DATA SHOWN START

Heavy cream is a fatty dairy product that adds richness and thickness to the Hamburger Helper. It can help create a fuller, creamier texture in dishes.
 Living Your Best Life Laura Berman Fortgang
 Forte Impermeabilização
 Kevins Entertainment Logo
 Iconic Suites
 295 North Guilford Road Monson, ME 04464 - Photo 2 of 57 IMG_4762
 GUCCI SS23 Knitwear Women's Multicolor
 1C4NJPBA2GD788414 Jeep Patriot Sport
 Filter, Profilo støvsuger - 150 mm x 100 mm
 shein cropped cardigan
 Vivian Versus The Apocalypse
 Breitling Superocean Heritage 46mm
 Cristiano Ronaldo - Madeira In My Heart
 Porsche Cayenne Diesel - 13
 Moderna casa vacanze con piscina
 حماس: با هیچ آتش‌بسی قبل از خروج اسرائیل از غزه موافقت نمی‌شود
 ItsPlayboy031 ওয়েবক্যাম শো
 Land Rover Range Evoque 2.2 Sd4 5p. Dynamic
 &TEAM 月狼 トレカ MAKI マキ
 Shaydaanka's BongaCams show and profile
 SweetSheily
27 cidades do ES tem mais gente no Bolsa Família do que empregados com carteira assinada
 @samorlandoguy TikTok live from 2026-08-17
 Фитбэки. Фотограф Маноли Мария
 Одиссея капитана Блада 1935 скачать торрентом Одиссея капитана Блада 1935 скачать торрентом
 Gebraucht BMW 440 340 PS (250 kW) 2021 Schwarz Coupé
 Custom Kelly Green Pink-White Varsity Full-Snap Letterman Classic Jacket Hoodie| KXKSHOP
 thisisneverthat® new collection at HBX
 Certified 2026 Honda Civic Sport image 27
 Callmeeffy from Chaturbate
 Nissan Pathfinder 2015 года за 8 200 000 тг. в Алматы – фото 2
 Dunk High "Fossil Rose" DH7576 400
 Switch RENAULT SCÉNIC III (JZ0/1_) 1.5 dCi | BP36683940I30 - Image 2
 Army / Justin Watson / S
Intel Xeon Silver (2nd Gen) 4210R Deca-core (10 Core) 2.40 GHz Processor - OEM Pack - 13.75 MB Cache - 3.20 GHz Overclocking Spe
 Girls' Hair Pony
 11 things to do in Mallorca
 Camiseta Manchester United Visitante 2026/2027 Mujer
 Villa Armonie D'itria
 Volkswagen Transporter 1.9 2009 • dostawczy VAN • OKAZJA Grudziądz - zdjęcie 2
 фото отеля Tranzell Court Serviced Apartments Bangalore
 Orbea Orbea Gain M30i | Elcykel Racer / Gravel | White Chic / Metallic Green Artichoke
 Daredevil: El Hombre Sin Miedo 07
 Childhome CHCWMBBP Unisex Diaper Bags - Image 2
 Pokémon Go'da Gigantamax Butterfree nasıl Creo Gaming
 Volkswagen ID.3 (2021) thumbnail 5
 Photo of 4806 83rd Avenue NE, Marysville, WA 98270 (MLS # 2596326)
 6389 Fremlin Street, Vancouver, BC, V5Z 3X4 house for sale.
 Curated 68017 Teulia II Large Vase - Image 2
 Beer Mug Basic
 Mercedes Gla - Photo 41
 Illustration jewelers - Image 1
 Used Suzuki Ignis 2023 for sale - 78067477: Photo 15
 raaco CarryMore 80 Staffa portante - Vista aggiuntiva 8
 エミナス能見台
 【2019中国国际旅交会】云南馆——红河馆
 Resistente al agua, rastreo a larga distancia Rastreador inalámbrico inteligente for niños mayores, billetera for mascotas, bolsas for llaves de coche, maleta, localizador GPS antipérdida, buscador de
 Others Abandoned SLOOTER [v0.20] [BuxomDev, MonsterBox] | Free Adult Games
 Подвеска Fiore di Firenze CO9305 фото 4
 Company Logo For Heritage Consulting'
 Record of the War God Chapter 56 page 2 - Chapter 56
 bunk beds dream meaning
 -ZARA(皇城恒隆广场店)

DATA SHOWN END

**PROBLEM**
Nothing but the lines above from the one containing "Childhome CHCWMBBP Unisex" through the one containing "Photo of 4806" should appear in the answer, each repeated exactly.

**COMPLETED TASK**
 Childhome CHCWMBBP Unisex Diaper Bags - Image 2
 Pokémon Go'da Gigantamax Butterfree nasıl Creo Gaming
 Volkswagen ID.3 (2021) thumbnail 5
 Photo of 4806 83rd Avenue NE, Marysville, WA 98270 (MLS # 2596326)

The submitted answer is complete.